Are we prisoners of our own projects? We haven’t done anything wrong, we work hard to deliver great software. We try hard to add business value on everything we do and we try to work together as optimal as possible. But there is always that deadline that in most cases was devised by someone who hasn’t got the slightest clue about the amount of time or complexity it takes to deliver.  We have to reach that deadline en often, if not always, we surpass that deadline. For as far as I know we don’t get shot, but often there are people that are not happy when we pass it. In most cases these are the people that thought up this deadline in the first place. But it can be worse, it can also be the people who got there deadline from people above them. In most cases a deadline is fictional. The 31st of December or September 1st. Or because someone needs to go on a holiday and wants it all before he or she leaves. And it can be a marketing campaign already set before realizing that there was also need for some sort of software to be delivered, trust me, I have seen it happen. The people who need to reach the deadline often have no say in the matter, which is a pity because they are the people who in the first place could have told that it was an impossible goal. Without any form of trial we become prisoners of the system.

We work with models like Scrum or Kanban and we can deliver in a continues integrations. After certain time, amounts of software can be deployed. Often this is delivered in small badges that can add to a better performing product. An iterative way of working does not know a real big deadline. But this doesn’t mean that there can’t be any certainties. There must be a goal or an end to it, a final marker if you will. With agile models we work on something that has value, something that has a meaning and often reached by taking small steps. Deadlines are often the end of a waterfall way of working. It has a beginning and an ending. But the end is most of the time, set. The road to reach it is uncertain and with obstacles. But the deadline is set in stone.

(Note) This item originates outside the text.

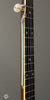 Vega Banjos - 1961 Pete Seeger - PS-5 Long Neck - Used - Capo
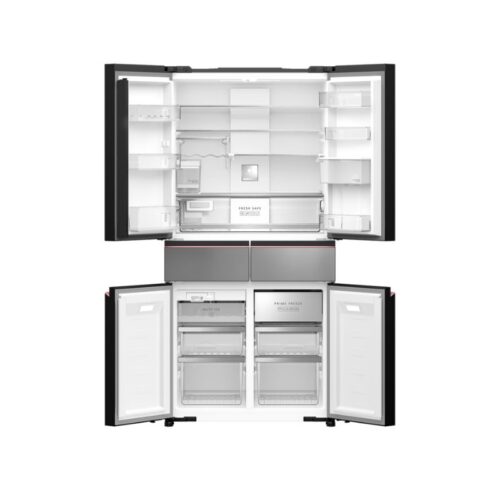 Tủ Lạnh 6 cánh Multi Door Inverter 650 Lít PRIME+ Edition Panasonic NR-WY720ZHHV 7 Ảnh tủ Lạnh 6 cánh Multi Door Inverter 650 Lít PRIME+ Edition Panasonic NR-WY720ZHHV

Working agile has become more popular. Large companies adopt it as the new way of working; some even go so far as to change everything. Flexwork environments are created and the new way of working is brought in association with agile, although it has nothing in common. But deadlines stay as they are. Contracts are still written up as usual an become the ammunition that can be loaded when the end is near. The implementation of scrum or kanban isn’t very hard. The rules are simple and often companies think that it is done when they do so. The wall is replaced with a nice green lawn without fences. Here and there a landmine, but they are traced and destroyed. But the line is still there and it is so important that we remove it. The guard has to be removed from the walls. And the live rounds need to be confiscated.

It is fun to work with metaphors because it gives a clear image. A deadline is something that raises restrictions. A border threat of some kind. It is a pressure that nobody needs. The idea that a deadline is a guarantee that everything is delivered nice and beautiful is a ferry tail. It is one of the fake certainties. It is the guaranteed incremental death-march song. Delivering value is important and as long as this is not the highest priority the prison will remain. And the line is still there threatning everyone with a loaded gun who dares to pass it

The term deadline originated from prison camps during war, and referred to a physical line or boundary. Guards would shoot any prisoner who crossed the deadline.